Last year I entered my three books in the R&M Files in the Debut Dagger 2013. And I am not embarrassed to admit that I had high hopes for at least one of them making the short list. (All of them actually. I dreamed about being the first author to have more than one title singled out for special mentions rather than end up in the CWA office toilets as emergency bog paper.) I really did. Not one of them did.

I took it badly. I still am.

I had entered three books at £25 a throw – that’s £75. A fool and his money and all that – and invested more hope than was probably decent or healthy.

I won’t be entering again. And this is why.
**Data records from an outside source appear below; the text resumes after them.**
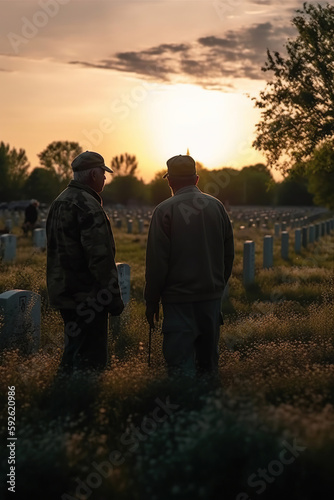 Veterans stands near graves of American heroes  sunlight  Memorial Day  Independence day  US National flag  AI Generative.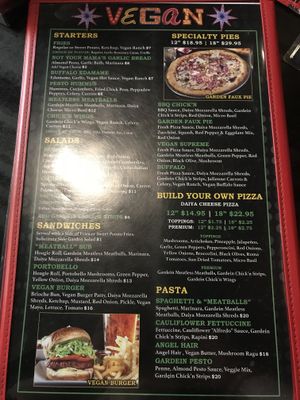 Vegan menu at Slice of Vegas Pizza in Las Vegas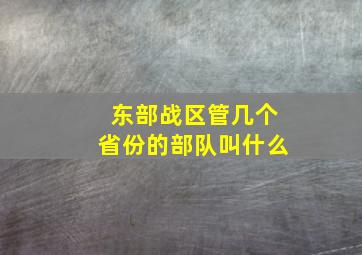 东部战区管几个省份的部队叫什么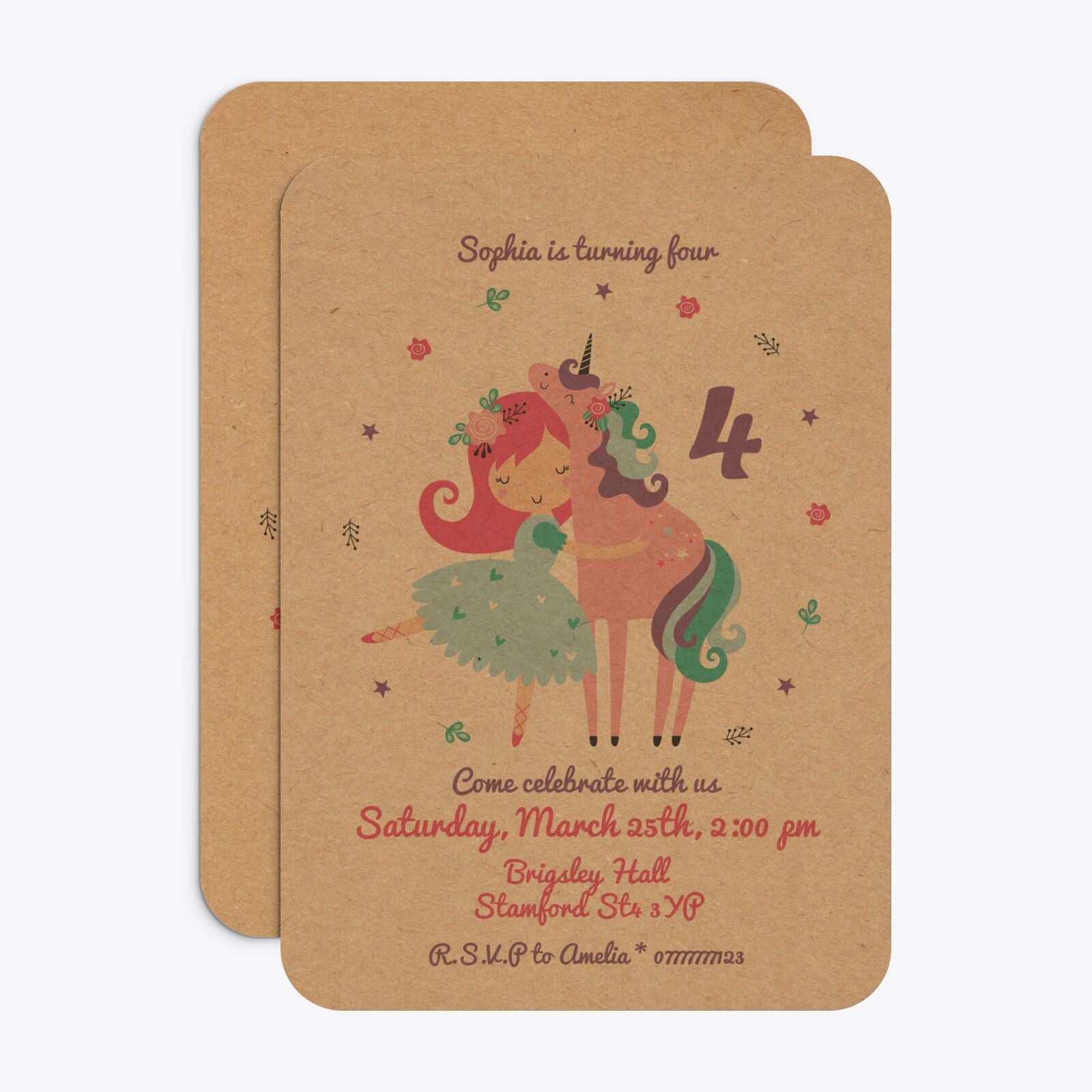 Personalised Unicorn Happy Birthday Rounded Invitation Kraft Front and Back Image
I so wanted this post to be far more comprehensive than it is. But I haven’t found the time to do the necessary homework and because the 2014 competition is here my hand is forced. I’ve run out of time. Where I don’t have the information to back up a point I’ll do what I did for my university degree dissertation – I’ll make it up with an uneducated guess. (Come to think of it, it was probably the great marks I received for my largely invented essays at uni that encouraged me to try my hand at writing fiction for money.)

I wanted to investigate things like exactly how many people who have been on the short lists of recent years actually go on to get picked up by agents and subsequently published.(This is the dazzling diamond encrusted carrot that the CWA allude to without actually guaranteeing in the spiel for suckers like me.) I had a bit of a scoot about the Internet on that but could find very few names who had made short lists of recent years and now had traditionally published books to their name.

I did do some background. In June I contacted the CWA with the following questions:

Hello 

I am preparing to write an on-line article about the CWA Debut Dagger competition for a leading crime and thriller website that has asked me for a contribution (that’s actually true). 

Would you be able to supply answers to the following questions? 

1) How many entries were received for 2013’s competition? 

2) How many readers do you have sifting through the entries? 

3) What number, or percentage, approximately, of entries were not considered for reasons to do with breach of entry rules and guidelines? (Any general details here would be very helpful.) 

4) When the closing date is reached, what is the process and time-scale involved for entries received, up until the short-list is announced? 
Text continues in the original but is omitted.